Write out the listing exactly, dropping any picture it contains.

* _DATA SECTION_
============
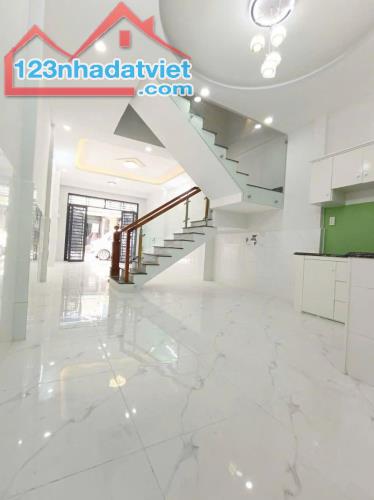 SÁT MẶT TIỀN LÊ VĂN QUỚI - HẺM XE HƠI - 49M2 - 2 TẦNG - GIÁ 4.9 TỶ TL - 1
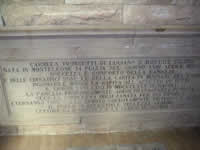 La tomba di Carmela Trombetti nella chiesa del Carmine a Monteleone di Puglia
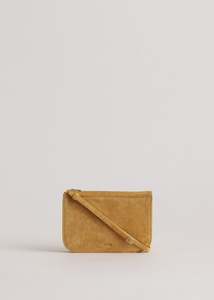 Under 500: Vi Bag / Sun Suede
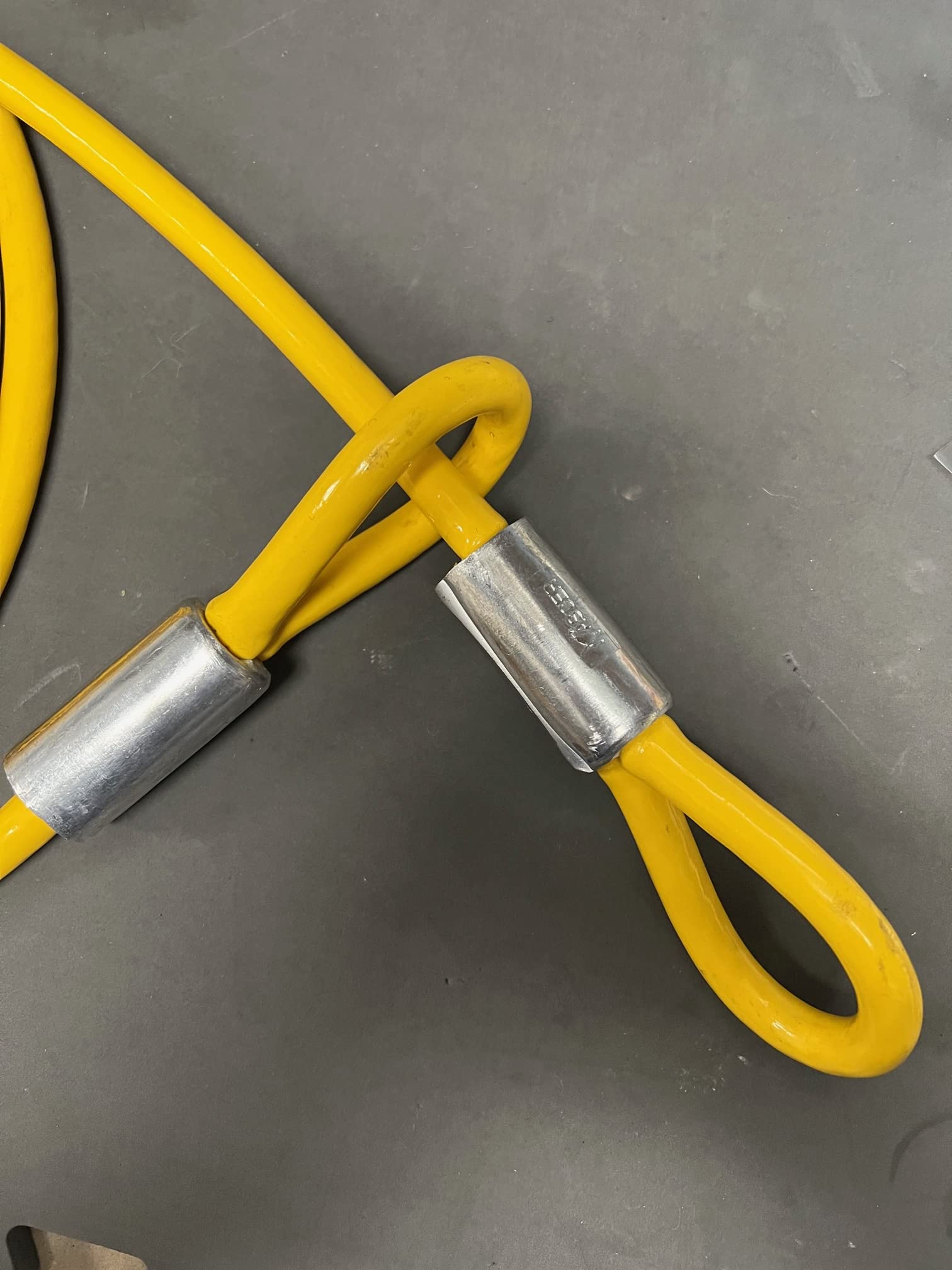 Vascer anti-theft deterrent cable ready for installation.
============
* _RESULT OF THIS EXERCISE_
 SÁT MẶT TIỀN LÊ VĂN QUỚI - HẺM XE HƠI - 49M2 - 2 TẦNG - GIÁ 4.9 TỶ TL - 1
 La tomba di Carmela Trombetti nella chiesa del Carmine a Monteleone di Puglia
 Under 500: Vi Bag / Sun Suede
 Vascer anti-theft deterrent cable ready for installation.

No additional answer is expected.